“Last night I baked corn bread, but the house got so hot I thought the furniture would melt. That old air conditioner doesn’t do squat!”

Breathing heavily with her effort, Dottie began to fasten the string to the other end of the branch.

“Three-C called this morning. Somebody needs to explain to him that he’s never going to be my real dad, not to mention being a dad doesn’t require knowing every single minuscule fact about your child’s life.” Mercedes slid Mo a sideways look. “Your dad’s living proof, right?”

Mercedes knew that Mo had destroyed the Letter. She also knew Mo did not exactly feel great about it, so did she have to bring it up?

“He would just have torn it up himself,” Mo said. “I saved him the trouble.”

Dottie gnawed the end of a green twig. For someone who ate so much candy, her teeth were surprisingly strong.

“Right,” Mercedes agreed. “I’m just saying-”

“Watch this!” Dottie positioned her contraption at arm’s length. Fitting the tip of the chewed-up twig to the string, she arched her back, aimed at the sky, and let fly. The twig made a graceful loop-the-loop and landed at her feet. Dottie scowled, picked up the stick, and tried again. And again.

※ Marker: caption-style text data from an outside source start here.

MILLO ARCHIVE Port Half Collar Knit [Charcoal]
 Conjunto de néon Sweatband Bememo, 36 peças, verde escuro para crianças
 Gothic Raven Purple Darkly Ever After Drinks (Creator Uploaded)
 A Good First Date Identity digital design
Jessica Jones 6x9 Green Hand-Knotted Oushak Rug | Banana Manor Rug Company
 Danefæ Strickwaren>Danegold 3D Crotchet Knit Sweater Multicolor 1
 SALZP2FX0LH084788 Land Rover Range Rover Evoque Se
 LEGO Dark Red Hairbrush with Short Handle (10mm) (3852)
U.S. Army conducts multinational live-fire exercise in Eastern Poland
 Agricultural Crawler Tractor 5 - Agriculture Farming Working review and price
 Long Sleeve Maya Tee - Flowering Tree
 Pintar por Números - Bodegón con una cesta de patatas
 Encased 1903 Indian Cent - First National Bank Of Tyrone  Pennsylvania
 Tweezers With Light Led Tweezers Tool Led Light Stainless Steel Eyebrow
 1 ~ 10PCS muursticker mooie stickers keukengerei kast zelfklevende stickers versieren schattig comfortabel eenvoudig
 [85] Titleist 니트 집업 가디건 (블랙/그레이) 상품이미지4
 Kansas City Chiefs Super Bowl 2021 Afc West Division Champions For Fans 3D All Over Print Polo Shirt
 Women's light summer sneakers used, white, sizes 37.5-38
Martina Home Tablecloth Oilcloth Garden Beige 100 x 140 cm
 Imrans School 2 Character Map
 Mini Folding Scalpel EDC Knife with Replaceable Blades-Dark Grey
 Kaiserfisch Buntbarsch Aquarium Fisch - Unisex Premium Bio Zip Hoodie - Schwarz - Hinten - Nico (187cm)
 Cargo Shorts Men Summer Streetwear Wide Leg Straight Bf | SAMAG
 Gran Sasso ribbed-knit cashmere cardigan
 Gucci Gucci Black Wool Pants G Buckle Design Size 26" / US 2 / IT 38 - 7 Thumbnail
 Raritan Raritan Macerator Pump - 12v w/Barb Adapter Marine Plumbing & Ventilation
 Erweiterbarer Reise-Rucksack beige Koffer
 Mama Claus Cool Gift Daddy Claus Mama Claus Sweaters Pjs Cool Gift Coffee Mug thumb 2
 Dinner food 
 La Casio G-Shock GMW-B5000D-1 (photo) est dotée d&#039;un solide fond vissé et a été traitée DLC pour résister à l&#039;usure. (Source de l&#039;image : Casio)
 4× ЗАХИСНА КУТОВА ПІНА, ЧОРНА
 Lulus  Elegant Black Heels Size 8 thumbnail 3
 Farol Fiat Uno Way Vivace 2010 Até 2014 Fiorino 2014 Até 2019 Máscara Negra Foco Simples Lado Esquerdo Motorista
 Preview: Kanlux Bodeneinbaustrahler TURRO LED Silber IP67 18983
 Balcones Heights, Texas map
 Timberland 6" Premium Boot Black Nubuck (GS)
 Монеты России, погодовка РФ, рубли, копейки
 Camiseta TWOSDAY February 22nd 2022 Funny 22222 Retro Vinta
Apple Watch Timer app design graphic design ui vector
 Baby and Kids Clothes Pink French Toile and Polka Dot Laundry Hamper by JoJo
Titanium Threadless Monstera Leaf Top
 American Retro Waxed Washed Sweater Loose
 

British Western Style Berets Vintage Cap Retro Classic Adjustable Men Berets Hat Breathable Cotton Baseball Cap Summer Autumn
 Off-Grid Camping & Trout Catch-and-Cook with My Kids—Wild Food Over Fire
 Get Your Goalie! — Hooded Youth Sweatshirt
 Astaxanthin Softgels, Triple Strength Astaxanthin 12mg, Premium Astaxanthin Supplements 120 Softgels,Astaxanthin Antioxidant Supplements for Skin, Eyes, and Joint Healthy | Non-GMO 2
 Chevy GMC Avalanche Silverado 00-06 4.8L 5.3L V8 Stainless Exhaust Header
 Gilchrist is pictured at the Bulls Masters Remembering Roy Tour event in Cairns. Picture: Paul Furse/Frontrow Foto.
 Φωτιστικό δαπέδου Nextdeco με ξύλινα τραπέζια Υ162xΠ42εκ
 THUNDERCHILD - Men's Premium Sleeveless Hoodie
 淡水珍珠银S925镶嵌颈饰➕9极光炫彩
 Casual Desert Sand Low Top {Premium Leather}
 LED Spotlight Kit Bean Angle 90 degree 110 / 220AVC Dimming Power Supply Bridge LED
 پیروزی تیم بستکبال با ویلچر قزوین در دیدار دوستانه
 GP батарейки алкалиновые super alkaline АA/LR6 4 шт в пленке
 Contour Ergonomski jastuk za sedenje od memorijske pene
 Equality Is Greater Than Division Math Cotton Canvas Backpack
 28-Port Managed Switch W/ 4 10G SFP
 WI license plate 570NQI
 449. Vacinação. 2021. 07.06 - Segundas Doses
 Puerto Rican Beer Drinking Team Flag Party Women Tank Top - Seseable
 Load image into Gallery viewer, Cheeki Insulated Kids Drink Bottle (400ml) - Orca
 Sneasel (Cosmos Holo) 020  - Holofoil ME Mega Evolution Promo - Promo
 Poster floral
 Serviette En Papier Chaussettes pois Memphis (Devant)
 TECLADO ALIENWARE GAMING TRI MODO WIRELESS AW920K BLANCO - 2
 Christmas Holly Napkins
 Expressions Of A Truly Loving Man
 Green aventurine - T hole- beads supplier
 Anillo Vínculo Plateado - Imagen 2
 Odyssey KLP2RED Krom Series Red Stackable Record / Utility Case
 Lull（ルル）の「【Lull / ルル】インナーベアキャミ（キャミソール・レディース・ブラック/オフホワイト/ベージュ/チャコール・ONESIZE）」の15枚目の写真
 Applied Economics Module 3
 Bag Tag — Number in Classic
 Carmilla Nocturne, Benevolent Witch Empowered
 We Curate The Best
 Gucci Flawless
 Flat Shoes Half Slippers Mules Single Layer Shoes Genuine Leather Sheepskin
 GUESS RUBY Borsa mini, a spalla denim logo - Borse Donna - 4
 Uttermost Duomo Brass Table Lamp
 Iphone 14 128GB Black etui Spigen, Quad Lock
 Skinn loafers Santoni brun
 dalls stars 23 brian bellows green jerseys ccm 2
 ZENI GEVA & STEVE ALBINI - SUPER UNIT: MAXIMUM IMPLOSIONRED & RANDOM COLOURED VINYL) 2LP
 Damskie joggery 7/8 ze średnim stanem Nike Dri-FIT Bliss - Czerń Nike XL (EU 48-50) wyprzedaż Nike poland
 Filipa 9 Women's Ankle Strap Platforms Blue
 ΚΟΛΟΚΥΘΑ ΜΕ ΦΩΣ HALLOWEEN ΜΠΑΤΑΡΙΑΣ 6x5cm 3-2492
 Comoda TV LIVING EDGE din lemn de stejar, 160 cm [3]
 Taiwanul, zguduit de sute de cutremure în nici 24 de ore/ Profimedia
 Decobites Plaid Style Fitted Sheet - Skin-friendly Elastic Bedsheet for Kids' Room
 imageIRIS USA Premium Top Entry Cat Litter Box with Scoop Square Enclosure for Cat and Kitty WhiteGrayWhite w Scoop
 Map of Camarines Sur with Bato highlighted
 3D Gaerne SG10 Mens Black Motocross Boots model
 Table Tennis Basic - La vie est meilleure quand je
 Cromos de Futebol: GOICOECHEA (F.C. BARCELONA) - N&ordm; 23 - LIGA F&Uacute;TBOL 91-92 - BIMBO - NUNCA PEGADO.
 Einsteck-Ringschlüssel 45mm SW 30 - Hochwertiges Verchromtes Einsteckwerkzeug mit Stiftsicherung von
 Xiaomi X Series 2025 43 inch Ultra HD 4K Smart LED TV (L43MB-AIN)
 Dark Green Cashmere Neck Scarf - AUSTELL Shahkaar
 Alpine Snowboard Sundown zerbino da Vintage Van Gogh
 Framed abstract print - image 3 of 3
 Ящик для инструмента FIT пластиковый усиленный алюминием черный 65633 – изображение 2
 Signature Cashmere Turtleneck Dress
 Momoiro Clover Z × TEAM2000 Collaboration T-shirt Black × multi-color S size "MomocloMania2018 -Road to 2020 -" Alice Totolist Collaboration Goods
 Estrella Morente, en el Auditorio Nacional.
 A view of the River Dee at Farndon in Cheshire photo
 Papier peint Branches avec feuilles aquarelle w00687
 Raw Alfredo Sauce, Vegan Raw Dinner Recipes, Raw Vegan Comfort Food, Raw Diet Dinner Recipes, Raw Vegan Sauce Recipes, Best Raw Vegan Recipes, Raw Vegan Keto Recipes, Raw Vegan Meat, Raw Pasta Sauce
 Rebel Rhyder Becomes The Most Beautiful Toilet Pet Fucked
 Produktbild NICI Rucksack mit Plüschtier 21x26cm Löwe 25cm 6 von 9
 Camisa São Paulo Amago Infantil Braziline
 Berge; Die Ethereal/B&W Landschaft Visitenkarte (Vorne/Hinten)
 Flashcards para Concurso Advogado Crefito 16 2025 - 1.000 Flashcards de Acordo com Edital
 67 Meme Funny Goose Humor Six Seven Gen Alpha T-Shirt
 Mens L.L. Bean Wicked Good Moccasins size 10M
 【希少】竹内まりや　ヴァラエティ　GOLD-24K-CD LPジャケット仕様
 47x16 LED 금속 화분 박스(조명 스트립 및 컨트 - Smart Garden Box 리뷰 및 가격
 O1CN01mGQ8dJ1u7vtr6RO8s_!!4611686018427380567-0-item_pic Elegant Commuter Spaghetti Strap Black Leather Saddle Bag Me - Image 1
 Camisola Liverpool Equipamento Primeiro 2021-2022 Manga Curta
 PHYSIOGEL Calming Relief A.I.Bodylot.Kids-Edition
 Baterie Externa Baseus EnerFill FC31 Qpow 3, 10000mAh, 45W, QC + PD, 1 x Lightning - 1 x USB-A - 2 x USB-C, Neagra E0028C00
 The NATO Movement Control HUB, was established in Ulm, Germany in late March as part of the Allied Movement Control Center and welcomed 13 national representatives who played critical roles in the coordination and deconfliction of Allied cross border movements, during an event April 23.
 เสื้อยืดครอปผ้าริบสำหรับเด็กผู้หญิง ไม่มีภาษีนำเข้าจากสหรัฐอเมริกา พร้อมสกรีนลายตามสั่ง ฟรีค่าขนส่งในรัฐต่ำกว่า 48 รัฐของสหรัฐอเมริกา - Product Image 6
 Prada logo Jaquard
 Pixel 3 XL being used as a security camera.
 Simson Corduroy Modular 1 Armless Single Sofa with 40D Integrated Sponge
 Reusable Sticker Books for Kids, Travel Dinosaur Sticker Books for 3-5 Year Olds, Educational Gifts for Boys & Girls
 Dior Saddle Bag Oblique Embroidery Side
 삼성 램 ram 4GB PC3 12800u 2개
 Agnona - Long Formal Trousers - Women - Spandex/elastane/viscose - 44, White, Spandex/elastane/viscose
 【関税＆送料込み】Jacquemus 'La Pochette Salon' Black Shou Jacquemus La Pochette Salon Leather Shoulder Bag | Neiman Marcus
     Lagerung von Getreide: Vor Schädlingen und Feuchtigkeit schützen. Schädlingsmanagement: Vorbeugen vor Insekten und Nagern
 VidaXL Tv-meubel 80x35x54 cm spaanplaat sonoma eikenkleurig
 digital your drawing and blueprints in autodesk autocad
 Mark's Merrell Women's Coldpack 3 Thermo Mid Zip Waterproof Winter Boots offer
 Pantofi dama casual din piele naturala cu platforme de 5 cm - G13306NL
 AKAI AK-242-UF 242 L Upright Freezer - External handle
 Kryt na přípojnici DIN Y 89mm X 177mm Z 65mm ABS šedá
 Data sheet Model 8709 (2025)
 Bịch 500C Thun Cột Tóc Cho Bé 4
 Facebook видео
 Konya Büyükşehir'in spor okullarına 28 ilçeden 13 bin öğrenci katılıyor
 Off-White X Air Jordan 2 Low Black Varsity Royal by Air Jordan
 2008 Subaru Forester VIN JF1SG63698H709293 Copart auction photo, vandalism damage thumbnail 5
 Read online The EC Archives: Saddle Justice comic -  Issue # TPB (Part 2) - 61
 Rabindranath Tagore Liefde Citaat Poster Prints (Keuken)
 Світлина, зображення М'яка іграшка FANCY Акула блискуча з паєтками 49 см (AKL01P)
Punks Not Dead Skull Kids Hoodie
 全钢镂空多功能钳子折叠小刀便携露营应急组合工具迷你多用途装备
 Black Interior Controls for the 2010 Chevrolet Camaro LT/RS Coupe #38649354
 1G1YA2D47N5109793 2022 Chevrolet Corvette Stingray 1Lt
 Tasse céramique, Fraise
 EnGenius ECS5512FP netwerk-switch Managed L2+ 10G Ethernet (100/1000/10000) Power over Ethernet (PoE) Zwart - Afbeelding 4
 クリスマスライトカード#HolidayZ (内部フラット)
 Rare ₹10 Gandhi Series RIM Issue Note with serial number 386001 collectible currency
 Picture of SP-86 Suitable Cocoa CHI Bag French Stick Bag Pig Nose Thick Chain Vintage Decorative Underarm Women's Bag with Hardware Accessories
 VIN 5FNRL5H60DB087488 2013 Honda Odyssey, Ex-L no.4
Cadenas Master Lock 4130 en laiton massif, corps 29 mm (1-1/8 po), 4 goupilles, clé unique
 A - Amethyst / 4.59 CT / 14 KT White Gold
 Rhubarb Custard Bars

“Dottie, if you don’t mind my asking, what do you think you’re doing?”

“Bringing the rain!”

Mercedes’s face softened. “Did Da read you that book? That was one of my favorites. Kapiti Plain, where it hasn’t rained so long, all the crops are shriveling up and the animals are dying, so this guy finds an eagle feather and makes an arrow and-”

“And he shoots the clouds and the rain comes pouring down!” Dottie slapped her forehead. “I forgot the feather-no wonder.” She charged off, dry brush crackling beneath her feet.

“At least I don’t have a little sister.” Mercedes stood up. “Things could be much, much worse.” She dusted off her beautiful black jeans. “Da still gets tired by afternoon. I have to make sure she takes her rest. Not to mention takes her pills and rubs the ointment on her feet.” Mercedes counted off her duties on her long fingers. “Three-C says she should have recovered from the surgery by now. He says if she lived with us, she’d be seriously healthier.” She heaved a sigh. “I’m going.”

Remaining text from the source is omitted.